Once all of the ISPs have broadcast their commitments, we proceed with up to 256 rounds. In the $i$th round, we do the following:

  1. Each ISP opens up its commitment to $y_{255-i}$. Everyone checks that the commitments were opened properly.

  2. If all of opened bits are $0$, then we continue on to the next round.

  3. Alternatively, if one or more of the bits are $1$, we stop here. The ISP (or ISPs) whose bit was $1$ has "won" the auction. Now everyone knows the identity of the "winning" ISP. That ISP now provides the service to the customer.

Note that everyone also learns the amount offered by the winning ISP, so you'll have to decide whether this is OK.

This protocol requires very little computation. Unfortunately, this protocol requires up to 256 rounds of interaction, which may cause very high latencies in real life if the ISPs are distributed (e.g., they don't all have servers on the same subnet or in the same data center). Therefore, I suspect this protocol probably will not be competitive in a wide-area distributed system. However, I thought I'd mention it just in case.


If this is not useful, you could look at using any of the constructions for multiparty computation or garbled circuits. The circuit you are computing is relatively simple (doesn't require very many gates), so it might be fairly easy to compute it. See, e.g., Might Be Evil, FairPlay (an older system), and other libraries.

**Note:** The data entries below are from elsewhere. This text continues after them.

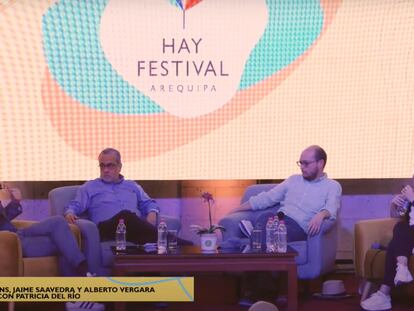 Jan Martínez Ahrens, Jaime Saavedra y Alberto Vergara, en conversación con Patricia del Río, durante el Hay Festvial 2023, en Arequipa (Perú).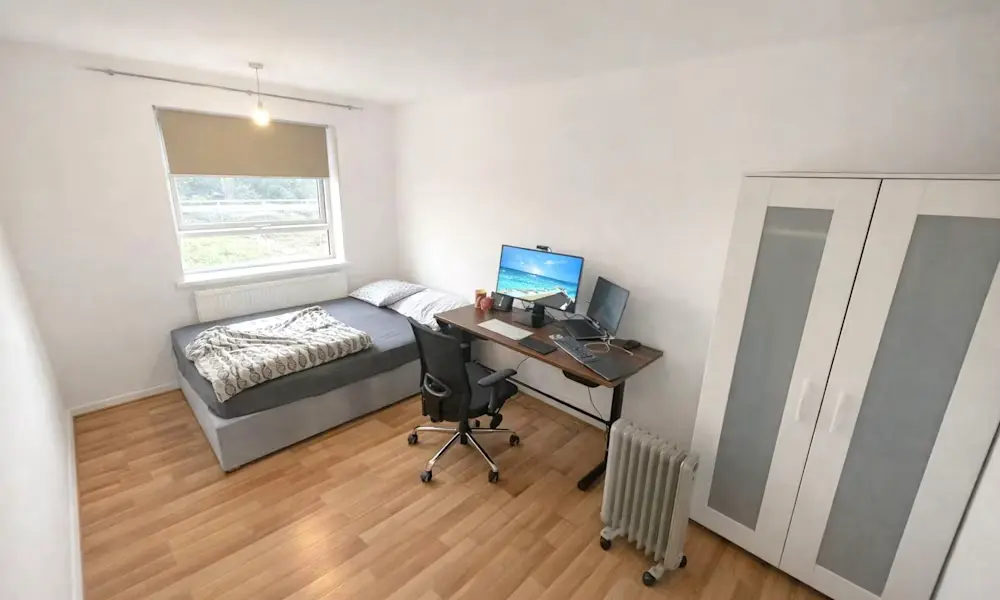 Flat Roding Lane in Chigwell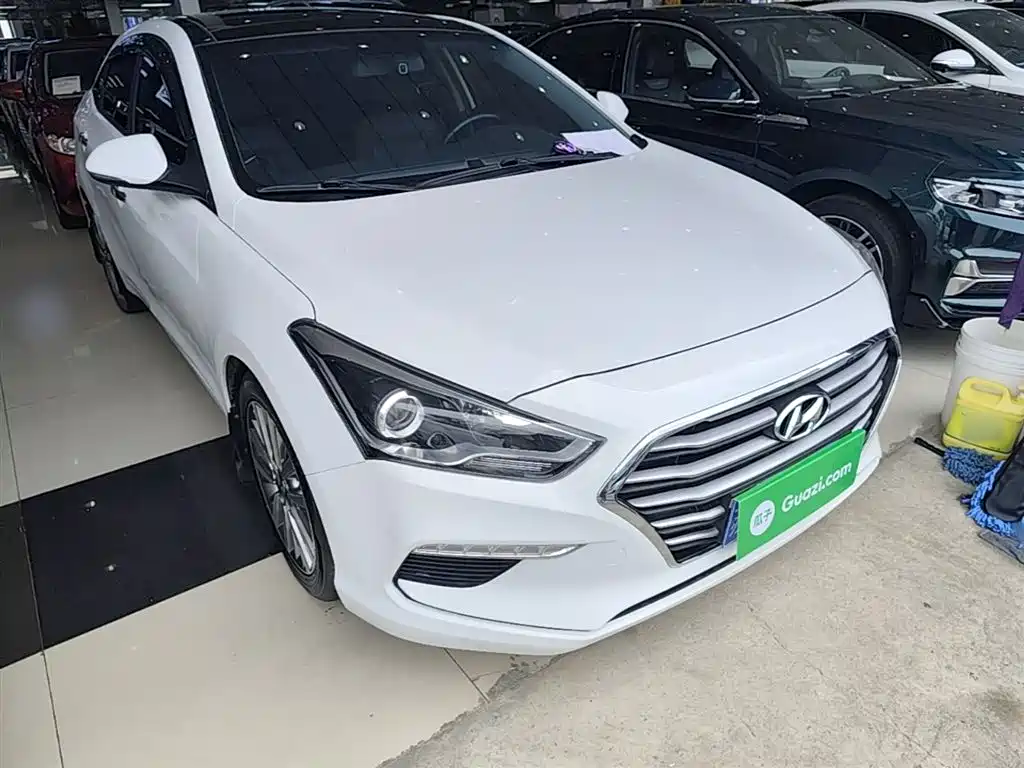 Mistra 1.8 L Auto Intelligent GLS CN-V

For two players, quid-pro-quo-tocols from Might Be Evil might be very attractive: it gives a scheme that is about twice as slow as the standard constructions in the honest-but-curious model, but that provides darn good security. So, this is a very attractive security-to-performance tradeoff: darn good security (not perfect, but within at most 1 bit of perfect), with performance that is excellent. I don't know if that scheme generalizes to an arbitrary number of players.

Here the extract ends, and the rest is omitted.